Borromini, qui fut tenu à l’écart par les souverains pontifes et qui ne reçut de commandes pontificales qu’au début du règne d’Innocent X, pendant la courte disgrâce du Bernin, n’a pas produit des œuvres aussi nombreuses ni aussi grandioses que celles de son illustre rival ; son style d’autre part n’est pas toujours aussi sympathique, parce qu’il n’avait pas la même grâce séduisante, et ses nouveautés, en raison de leur grande hardiesse, nous paraissent parfois très contestables ; mais il tient dans l’art une place de premier ordre parce qu’il fut par excellence un architecte. N’étant ni un sculpteur, ni un peintre, il n’attache qu’une importance secondaire au décor, et toutes ses pensées convergent vers des questions de pure architecture. Il a été pour ainsi dire exclusivement un constructeur, et a abordé sur ce point plus de problèmes que le Bernin ; il a été plus novateur et plus audacieux, et il a attiré sur lui toutes les foudres de ceux qui ont attaqué l’art du XVIIe siècle. C’est par son nom plus encore que par celui du Bernin, que les néo-classiques ont flétri cet art.

Pour caractériser nettement l’art de Borromini on peut dire que, à côté du Bernin qui continue la tradition de Bramante et de Raphaël, il est l’héritier de Michel-Ange, auquel il se rattache par ses idées inventives, par ses audaces et par son sentiment de la grandeur.
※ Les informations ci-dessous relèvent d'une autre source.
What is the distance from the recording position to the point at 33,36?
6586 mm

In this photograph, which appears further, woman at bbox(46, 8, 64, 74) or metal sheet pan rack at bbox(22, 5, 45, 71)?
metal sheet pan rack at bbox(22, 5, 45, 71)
Passeri nous dit[1] que dans sa jeunesse, lorsqu’il travaillait à Saint-Pierre sous la direction de Maderne, il employait les heures de ses repas à dessiner avec le plus grand soin les diverses parties de ce temple et qu’il ne cessait de parler de sa grande passion pour l’architecture ingénieuse de Michel-Ange.

A la mort de Maderne, Borromini, qui était son élève et son parent, espéra un moment lui succéder dans la charge d’architecte de Saint-Pierre, mais il dut céder le pas au Bernin et travailler sous ses ordres. Cette collaboration ne dura pas longtemps ;

  1. Vite del pittori. scultari ed architelli che anno lavorato in Roma, morlidal, 1641 fino al 1673.